The twins stood together in the summer of 2005 to applaud Chicago Cubs great Ryne Sandberg at his National Baseball Hall of Fame induction in Cooperstown, New York. The former Gold Glove second baseman had fun with the 5-foot-5 brothers back then, nicknaming them “Twin Towers.” They accompanied longtime Cubs clubhouse manager Yosh Kawano to the Hall of Fame ceremony.

The twins first met Kawano in the 1960s, when they were Bears clubhouse boys at Wrigley Field, the football team’s home facility before Soldier Field, and Kawano— sporting his t r a d e m a r k white, floppy fishing hat— w a s b u s y getting the quarters ready for the baseball season.

“ We lost touch with Yosh after our high school years, but we saw him along the Wrigley Field concourse one day in the 1990s,” Tony says. “He remembered us. Wonderful, wonderful man. He knew everybody.”

“Yosh,” Carl adds, “knew Ted Williams, Stan Musial, golfer Raymond Floyd, Frank Sinatra, and so many other famous people. Such a loyal friend to many.”

Kawano worked for the Cubs until the age of 85 and died at 97 in 2018.

The Ruzickas are diehard Cubs fans. Their first sports hero was “Mr. Cub,” Hall of Famer Ernie Banks, and they’re still elated about the Cubs’ 2016 World Series championship, which broke a 108-year-old title drought.

Another significant theme that courses through the book is running. The twins ran distance races for track teams in high school and competed as runners at Yale, where a man named Frank Shorter also suited up for the Bulldogs’ track and field squads. Shorter was a junior at the Ivy League school when the twins matriculated in New Haven, Connecticut.
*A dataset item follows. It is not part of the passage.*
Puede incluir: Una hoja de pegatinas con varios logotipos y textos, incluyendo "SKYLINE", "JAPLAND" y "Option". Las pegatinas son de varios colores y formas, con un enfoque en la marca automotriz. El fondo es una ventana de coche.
All Shorter did was win the gold medal in the men’s marathon at the 1972 Summer Olympics.

And he and the twins are still good friends.

Tony and Carl Ruzicka served as integral committee members of Chicago’s first marathon in 1977. They also introduced and guided the event’s first-ever charity pledge program.

“Developing sport skills led to simply wanting to always get better,” the 73-year-old Shorter says in the last chapter of the twins’ book. “Eventually, in what I would term a ‘Ruzicka Twins Direct Response,’ they tracked down their sports heroes, walking up to them to introduce themselves and then ask questions.

“Being twins,” adds the 1969 NCAA national champion in the six-mile run, “got them in the door, but it was their combined talent that always seemed to allow them to stay there and never be shown out.”